Heart failure and respiratory failure are among the most common causes of hospitalization and death in the United States. In fact, primary or secondary diagnoses of respiratory failure and heart failure accounted for roughly 16% and 25%, respectively, of traditional Medicare hospitalizations in 2018. For most of these hospitalizations, respiratory failure appears as a secondary condition (90.1%) as does heart failure (97.9%). While heart failure and respiratory failure are chronic conditions, patients may be hospitalized with acute exacerbations of these conditions, described as “acute on chronic” conditions.
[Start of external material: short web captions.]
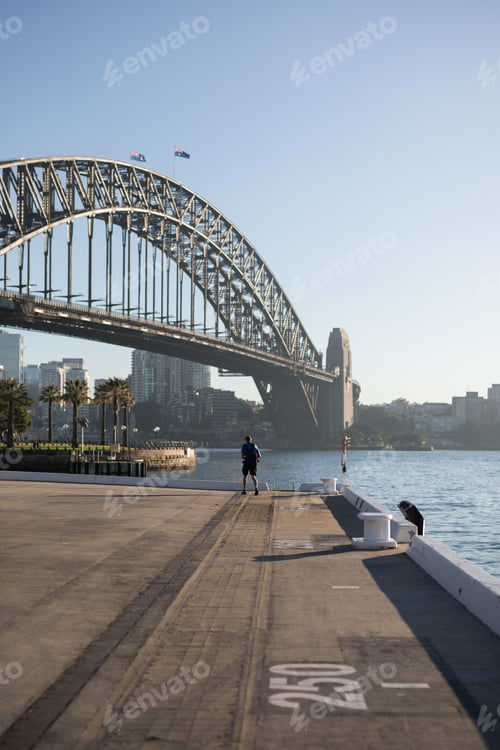 Preview: Bridge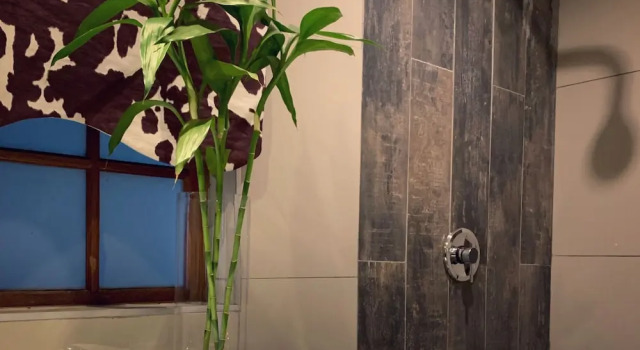 Двухместный люкс Standard Little Eden Guest Lodge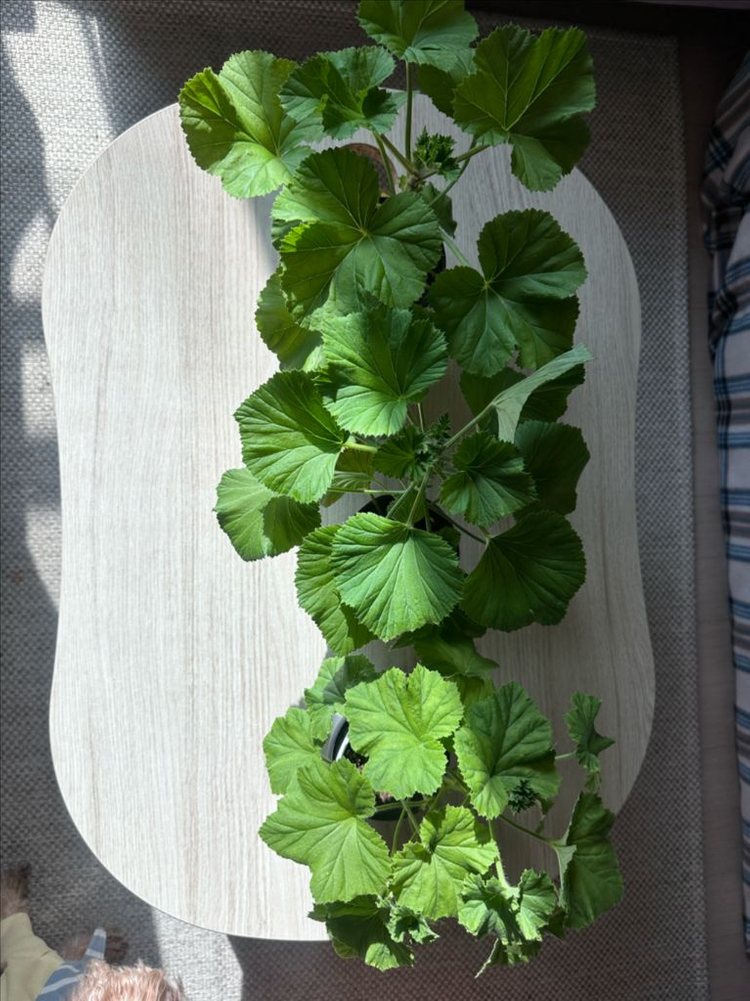 리갈제라늄(로지몬,타이앱프린세스,프린세스오브웨일즈)--1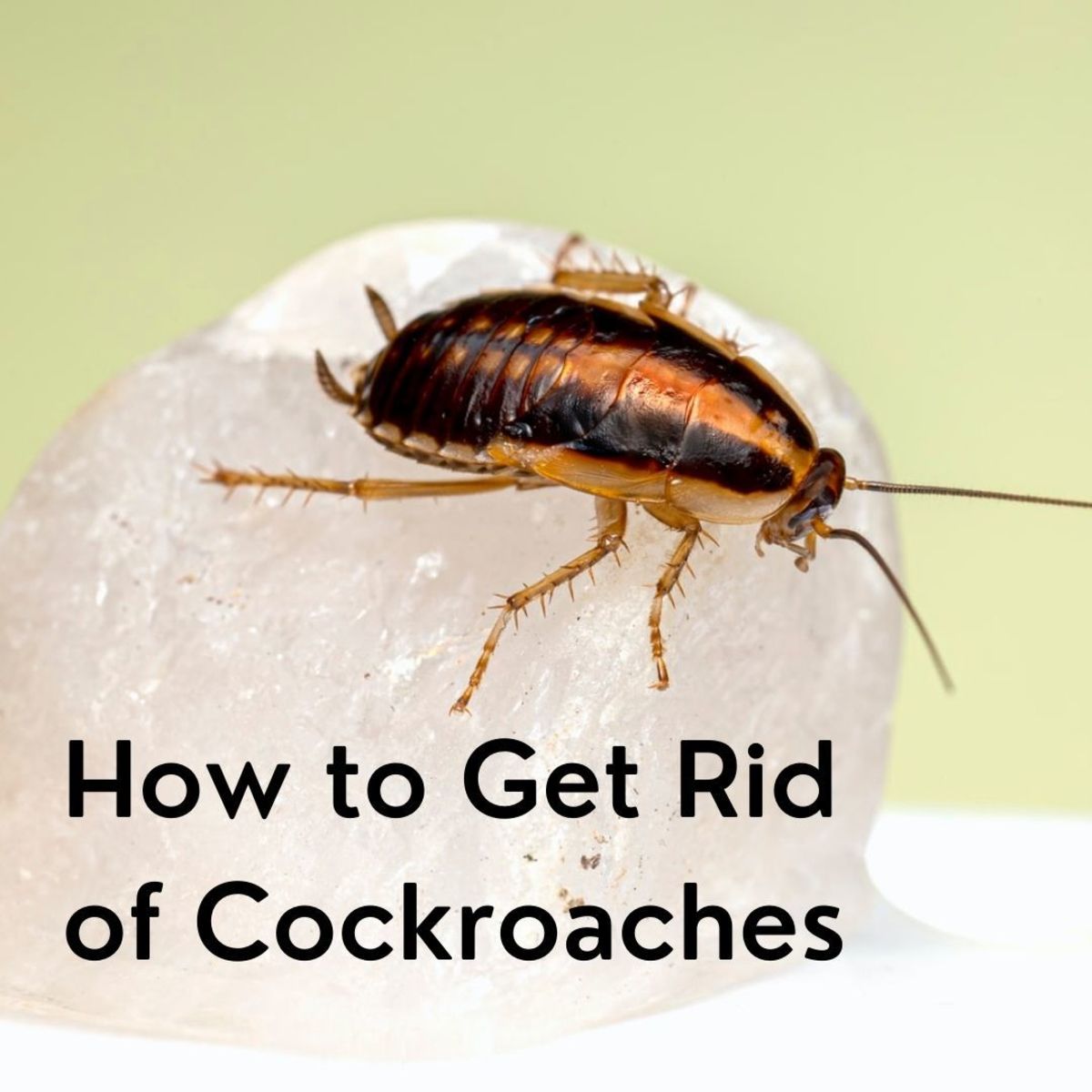 12 Natural Ways to Get Rid of Cockroaches Permanently from Kitchen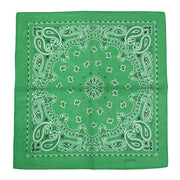 Alternative Retro Paisley Bandana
While risk adjustment models to assess provider performance on quality used by the Centers for Medicare & Medicaid Services (CMS) control for respiratory and heart failure, these models do not differentiate acute on chronic from chronic (non-acute).
To better understand similarities and differences in patients with and without acute on chronic conditions, we compared length of stays in a short-term acute care hospital (STACH) and post-STACH use patterns between two groups of patient with heart failure or respiratory failure: (1) Medicare beneficiaries hospitalized with a principal or secondary diagnosis of acute on chronic heart or respiratory failure; (2) Medicare beneficiaries hospitalized with a principal or secondary diagnosis of chronic (non-acute) respiratory or heart failure but without an acute on chronic diagnosis. Our analysis was completed using the 2018 100% Medicare Inpatient Standard Analytic File.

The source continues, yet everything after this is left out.